As we sat down, there was some wonderful bread and roasted balsamic garlic.   OMG!   This was so good.   He shared his technique:

Cut the top off of a head of garlic, place it in a ramekin, pour about 1/3 part olive oil and 2/3 part balsamic (LOTS of balsamic).   Roast in oven about 20 minutes.

The garlic cloves are laying on a thin slice of unsalted butter. Sorry, this picture really doesn’t do it justice.

Next came the  deviled eggs.   Deviled eggs are sort of a specialty at the Tavern and they do many variations like wasabi, curry spiced, and bacon!    Chef asked, “How many cooks are there?”   and answered, “That is how many ways there are to boil eggs.”

Here is his philosophy:

Fill a large pot with water and 1/4 c. vinegar and bring to a boil.   While waiting on water to boil, prepare an ice bath in a large bowl with half ice and half water.   When water is boiling, gently add eggs with a slotted spoon.   Set your timer for 15 minutes.  Transfer eggs to ice bath for 5-10 minutes to cool.   Then, peel eggs.

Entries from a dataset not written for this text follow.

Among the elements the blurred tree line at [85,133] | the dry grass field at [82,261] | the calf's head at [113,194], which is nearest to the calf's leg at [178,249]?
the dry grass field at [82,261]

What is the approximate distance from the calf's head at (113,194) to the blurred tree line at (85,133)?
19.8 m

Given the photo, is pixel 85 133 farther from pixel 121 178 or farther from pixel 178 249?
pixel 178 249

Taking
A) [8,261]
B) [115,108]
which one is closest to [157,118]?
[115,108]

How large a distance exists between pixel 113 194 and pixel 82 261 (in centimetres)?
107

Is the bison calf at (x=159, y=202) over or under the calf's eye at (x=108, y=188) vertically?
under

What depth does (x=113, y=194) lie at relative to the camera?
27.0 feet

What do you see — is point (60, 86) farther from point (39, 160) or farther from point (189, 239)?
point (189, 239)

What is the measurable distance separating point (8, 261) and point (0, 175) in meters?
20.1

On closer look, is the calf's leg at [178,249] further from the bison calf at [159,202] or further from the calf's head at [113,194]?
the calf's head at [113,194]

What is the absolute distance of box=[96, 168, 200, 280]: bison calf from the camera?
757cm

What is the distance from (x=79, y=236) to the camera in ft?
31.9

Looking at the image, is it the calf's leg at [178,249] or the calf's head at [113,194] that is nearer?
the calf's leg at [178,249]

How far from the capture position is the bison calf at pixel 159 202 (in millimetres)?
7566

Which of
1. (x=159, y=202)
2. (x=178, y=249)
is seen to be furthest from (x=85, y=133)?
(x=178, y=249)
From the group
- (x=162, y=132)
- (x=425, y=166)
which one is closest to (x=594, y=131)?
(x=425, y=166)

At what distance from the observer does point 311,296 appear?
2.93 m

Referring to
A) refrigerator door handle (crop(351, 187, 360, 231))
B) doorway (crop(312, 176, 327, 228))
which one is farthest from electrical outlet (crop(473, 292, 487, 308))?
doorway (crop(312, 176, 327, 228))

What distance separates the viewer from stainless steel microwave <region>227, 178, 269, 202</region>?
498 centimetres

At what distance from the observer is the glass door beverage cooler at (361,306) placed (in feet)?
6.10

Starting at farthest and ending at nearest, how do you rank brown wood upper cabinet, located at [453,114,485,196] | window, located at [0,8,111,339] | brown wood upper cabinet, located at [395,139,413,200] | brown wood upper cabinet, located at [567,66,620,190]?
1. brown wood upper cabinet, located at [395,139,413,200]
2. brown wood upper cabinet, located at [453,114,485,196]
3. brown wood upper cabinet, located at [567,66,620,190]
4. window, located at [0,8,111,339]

There were lots of questions regarding the vinegar, the practice of adding salt (which he said does nothing),  and using old eggs.   Fresh eggs will not peel and you will be left with a clumpy mess.

Here is his recipe for a classic deviled egg:

Classic Deviled Eggs from the Tavern on Brady (Chef Grant Vespasian)

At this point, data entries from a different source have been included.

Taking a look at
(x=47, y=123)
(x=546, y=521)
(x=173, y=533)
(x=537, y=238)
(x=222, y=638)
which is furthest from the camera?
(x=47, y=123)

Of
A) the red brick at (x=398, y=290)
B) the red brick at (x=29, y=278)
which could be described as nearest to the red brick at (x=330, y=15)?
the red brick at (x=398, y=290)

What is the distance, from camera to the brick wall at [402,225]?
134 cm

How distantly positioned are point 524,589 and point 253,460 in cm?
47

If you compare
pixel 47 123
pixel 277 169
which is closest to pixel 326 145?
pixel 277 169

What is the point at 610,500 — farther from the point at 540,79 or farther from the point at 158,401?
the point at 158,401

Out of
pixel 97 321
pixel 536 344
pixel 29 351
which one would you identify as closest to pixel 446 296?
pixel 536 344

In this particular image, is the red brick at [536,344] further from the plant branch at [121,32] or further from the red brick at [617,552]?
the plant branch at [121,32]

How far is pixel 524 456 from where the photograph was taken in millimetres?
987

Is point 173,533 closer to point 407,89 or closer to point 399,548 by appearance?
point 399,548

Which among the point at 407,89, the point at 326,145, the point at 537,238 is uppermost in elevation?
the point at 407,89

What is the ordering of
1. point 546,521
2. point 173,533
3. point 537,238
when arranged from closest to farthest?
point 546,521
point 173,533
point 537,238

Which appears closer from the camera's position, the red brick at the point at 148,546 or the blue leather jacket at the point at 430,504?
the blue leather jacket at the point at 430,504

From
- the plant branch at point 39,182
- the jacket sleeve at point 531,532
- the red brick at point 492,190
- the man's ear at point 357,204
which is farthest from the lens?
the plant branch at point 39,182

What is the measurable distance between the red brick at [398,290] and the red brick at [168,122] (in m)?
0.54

12 eggs (boiled with directions above)
1/3 c. mayonnaise
1/4 c. mustard
2 t. dry mustard
1/4 t. paprika
salt and white pepper to tast
chopped chives for garnishing

Grate yolks through a sieve.   Add grated yolks, mayo, mustard, dry mustard, paprika, salt and pepper to food processor and puree until smooth.   Taste to check seasoning.   Adjust.   Transfer filling to pastry bag with tip and pipe into eggs.

Garnish with more paprika and chopped chives.

He made sure to tell his wait staff not to be stingy with the chives.

Now, my mom makes a mean deviled egg (learned from my grandmother), but let me tell you, these are pretty outstanding deviled eggs.

Absolute perfection.

I can’t wait to share the rest of the recipes from this evening with you.

(Please add the Tavern on Brady to your to do list if you are ever in Tulsa!)